A lot of people use their chopsticks thinking that it is merely cultural for some nations. In Japan, however, it is something you must take seriously. Every position, or movement you may make using your chopsticks could be disrespectful or offensive to the person you are dining with. While it may be fine to commit mistakes for a newbie, it is always nice to learn a thing or two about the proper use of chopsticks so as to rightly honor Japanese customs.
Luckily for you, here are a few tips to help you get you acquainted with the proper chopstick use.
Proper grasp of your chopsticks.
Learning the correct way of holding your chopsticks can eventually aid you in using them with ease. So before you dig in, make sure that you are holding your chopsticks near their ends. Be sure that the upper chopstick is held in between the index finger and thumb. The lower chopstick should be positioned on your ring finger while resting on the concave space between the thumb and index finger.
You can learn to use them more quickly if you practice every once in a while, like when you’re eating at home. Remember, practice is key.
2.Kindly accept your chopsticks.
After taking your chopsticks apart, refrain from removing the wooden strings or rough edges by rubbing the chopsticks together as it signifies that you think that the chopsticks are cheap.
3. Choosing dishes.
When thinking of which dishes to eat, prevent yourself from pointing or hovering at the dishes as you would appear to be greedy to the people you are dining with. Always make sure that when getting your food you get them from the top of the dish. If you want to choose a good portion or part of the dish, always choose from the top and never burry your chopsticks through the dish to pick your food.
Also, remember that when you eventually choose the dishes you’d like, take the food from the dish and bring it to your own plate before eating.
4. When you’re not using them
Never use your chopsticks for anything other than handling your food. If you are talking to other people, avoid holding or making gestures with your chopsticks. If you are provided with a chopstick holder, place your chopsticks there when you’re not using them, but if you are not given one, you can simply place them horizontally on your bowl.

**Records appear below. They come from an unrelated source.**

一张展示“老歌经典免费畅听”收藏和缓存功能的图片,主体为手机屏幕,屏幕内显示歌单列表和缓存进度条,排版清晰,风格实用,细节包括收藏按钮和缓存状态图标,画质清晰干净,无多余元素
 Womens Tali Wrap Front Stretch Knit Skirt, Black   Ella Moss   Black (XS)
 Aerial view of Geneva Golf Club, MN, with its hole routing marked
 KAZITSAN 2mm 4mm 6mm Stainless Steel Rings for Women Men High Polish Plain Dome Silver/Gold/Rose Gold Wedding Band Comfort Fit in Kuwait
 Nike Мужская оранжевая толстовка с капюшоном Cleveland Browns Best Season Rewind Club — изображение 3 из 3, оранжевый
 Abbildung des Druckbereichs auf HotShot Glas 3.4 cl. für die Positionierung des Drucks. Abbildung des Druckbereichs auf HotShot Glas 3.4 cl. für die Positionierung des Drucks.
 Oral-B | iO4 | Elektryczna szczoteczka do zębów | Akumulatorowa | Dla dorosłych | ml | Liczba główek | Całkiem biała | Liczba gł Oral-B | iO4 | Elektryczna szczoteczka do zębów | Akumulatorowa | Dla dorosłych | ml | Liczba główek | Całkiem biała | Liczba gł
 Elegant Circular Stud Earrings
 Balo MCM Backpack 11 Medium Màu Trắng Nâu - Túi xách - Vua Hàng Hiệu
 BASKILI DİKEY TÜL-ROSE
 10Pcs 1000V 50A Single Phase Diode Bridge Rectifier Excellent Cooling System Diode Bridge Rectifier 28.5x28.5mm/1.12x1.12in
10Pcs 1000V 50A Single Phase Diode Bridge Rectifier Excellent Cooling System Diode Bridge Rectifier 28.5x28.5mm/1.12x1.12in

Be sure that your chopsticks are parallel horizontally in your bowl when resting them, and not crossed together or placed vertically on the rice in the bowl. Both acts remind the Japanese of funeral ceremonies or offering food to the spirit of the dead.
5. Sharing food
If you want to share your food with other people at the table, do not do so by passing them from person to person by chopstick. Aside from unsanitary reasons, it reminds the Japanese of funeral ceremonies where the cremated bones are passed to transfer to the urn.
Sharing your food to others can easily be done by requesting them to pass their plate to you. By using another clean pair of chopsticks, put the food on their plate.
6. Eating the food
Using chopsticks require a lot of practice and finesse. So do not let food drip from them, and refrain from sucking them.
Always use your chopsticks as a pair and never individually. Do not use them as a skewer but at the same time, avoid using your chopsticks to hold large pieces food to bite off of. There are still cases when biting from a piece of food is acceptable, like eating tempura, but it’s also good to take time and learn to apply the right pressure when cutting your food with your chopsticks.
When having soup, prevent yourself from swirling your chopsticks in them, as it is as if you are cleaning them.
When using chopsticks, always remember that they are not just simple eating utensils - they also embody a cultural symbol for the Japanese. Consider these guides as important tools not only to respect their culture, but also to enrich your dining experience.